Segment Start: Provided data
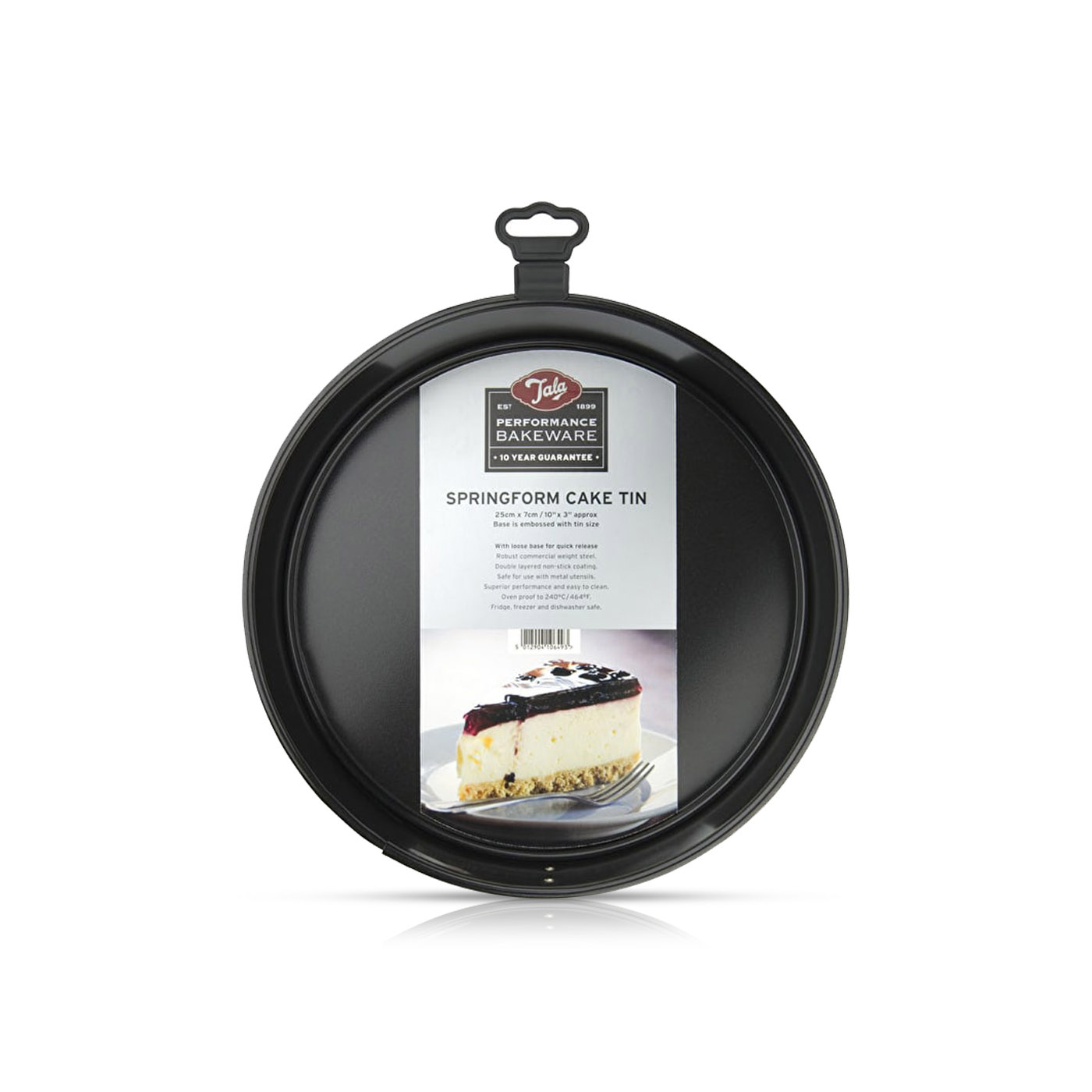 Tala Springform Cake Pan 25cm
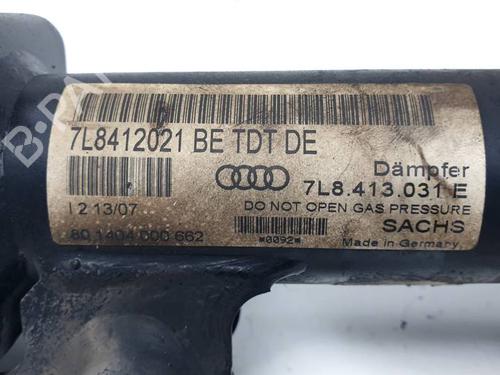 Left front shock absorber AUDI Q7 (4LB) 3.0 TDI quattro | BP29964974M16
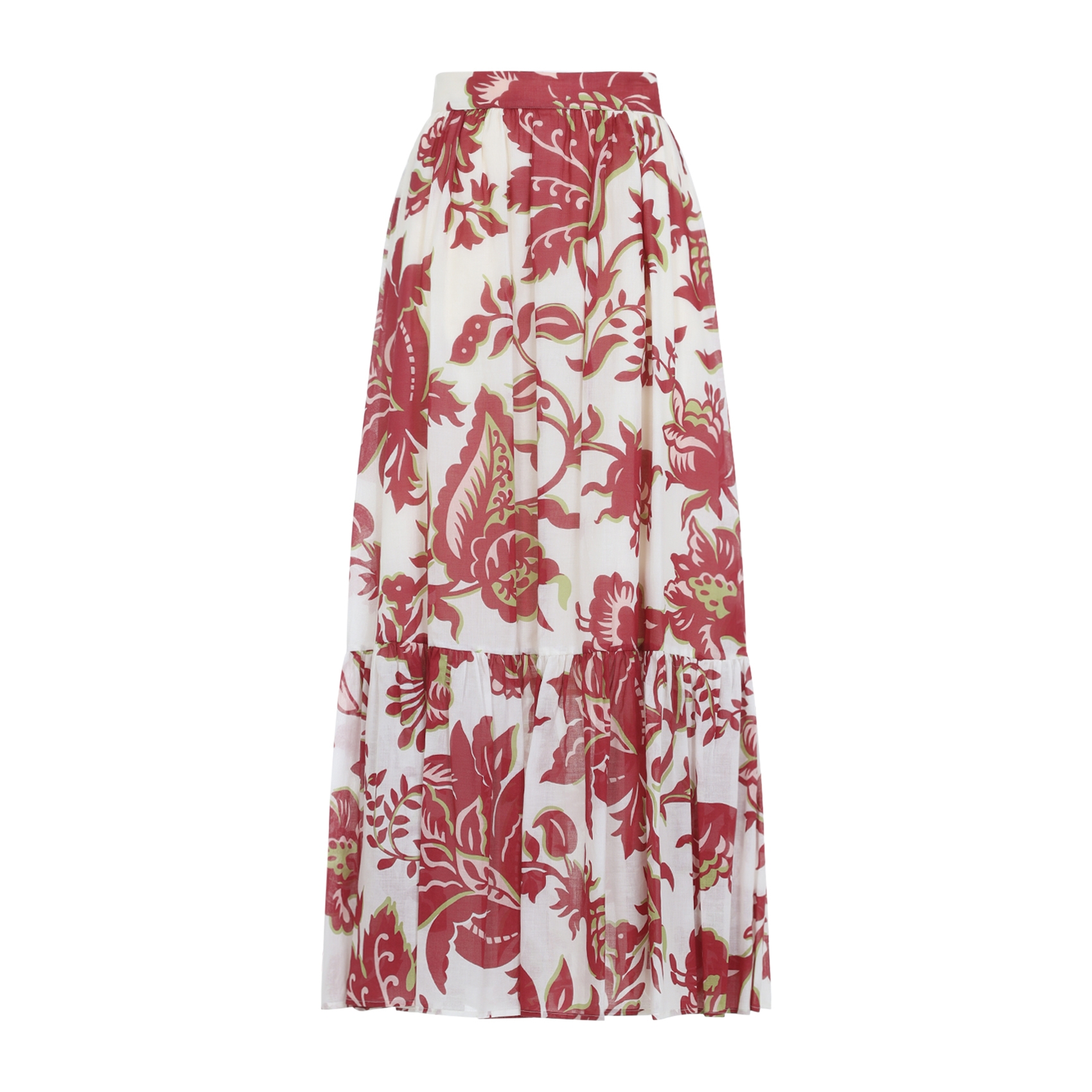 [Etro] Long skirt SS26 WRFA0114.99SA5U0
Segment End: Provided data
◆ **Problem to solve**
Word for word, print all of the data; skip the pictures.

◆ **Solution to this problem**
 Tala Springform Cake Pan 25cm
 Left front shock absorber AUDI Q7 (4LB) 3.0 TDI quattro | BP29964974M16
 [Etro] Long skirt SS26 WRFA0114.99SA5U0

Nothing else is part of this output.